Dans le cadre de ses études autour du soixantième anniversaire de la fondation de la République populaire démocratique de Corée, l'AAFC souhaite mettre en lumière quelques figures moins connues de la révolution coréenne : parmi elles, Kim Won-bong, anarchiste coréen qui rejoignit la Corée du Nord.
Dès ses origines, l'anarchisme coréen a été étroitement lié à la lutte pour la libération de la Corée de l'occupation japonaise, comme l'a notamment montré la thèse de doctorat de Oh Jang-whan "L'histoire du mouvement anarchiste coréen des origines à 1931". Sin Chai-ho est l'auteur du manifeste révolutionnaire coréen, anti-impérialiste, où est exposé le principe de l'anarchisme national, après la formation de la Fédération anarchiste coréenne en Chine, en avril 1924.
Un des anarchistes coréens les plus connus est Kim Won-bong, né en 1898 à Milyang (au sud-est de la Corée), membre d'un groupe terroriste, la Euiyul Dan (Société des Braves), fondée en mai 1919 en Mandchourie et qui évolua du nationalisme à l'anarchisme. Sous le nom de combattant de Kim Yak-san, il tenta notamment d'assassiner le vicomte Saito Makoto, gouverneur général de la Corée, le 12 septembre 1921.
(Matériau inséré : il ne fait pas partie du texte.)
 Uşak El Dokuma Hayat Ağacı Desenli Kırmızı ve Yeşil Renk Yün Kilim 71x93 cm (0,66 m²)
La Société des Braves, présente en Corée, au Japon et en Chine, accomplit plus de trois cents actions contre les Japonais entre 1919 et 1924, dont une tentative d'assassinat de l'empereur du Japon le 4 janvier 1924. Plus de 300 de ses membres furent arrêtés et exécutés.
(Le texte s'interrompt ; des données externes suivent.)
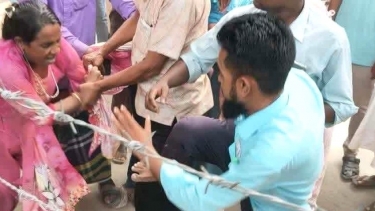 জামালপুর আদালত প্রাঙ্গণে বাদী ও প্রতিবন্ধী নারীর ওপর হামলা, মোহরীর বিচার দাবি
S'étant toujours dissocié de la résistance communiste, Kim Won-bong devint ministre de la défense du gouvernement de la République populaire de Corée, présidé par Syngman Rhee, formé le 14 septembre 1945. Il se retrouva toutefois bientôt dans la même situation que de nombreux patriotes coréens à la Libération : après être retourné en héros en Corée du Sud aux côtés de Kim Ku, Kim Won-bong fut menacé par les anciens collaborateurs des Japonais, réintégrés au plus haut niveau de l'Etat par Syngman Rhee. En particulier, Roh Duk-sul, bourreau notoire de la police coloniale japonaise intégré dans la nouvelle police sud-coréenne, avait juré de retrouver et de faire condamner à mort Kim Won-bong au nom de la répression anticommuniste. Traqué, Kim Won-bong choisit de passer au Nord en 1948, où il occupera plusieurs postes de responsabilités jusqu'à sa mort en 1958.
Le destin des anarchistes coréens, comme Kim Won-bong, n'est pas sans rappeler celui des anarchistes russes : ayant dû choisir leur camp durant la guerre civile, de nombreux anarchistes russes rejoignirent alors les Bolchéviques.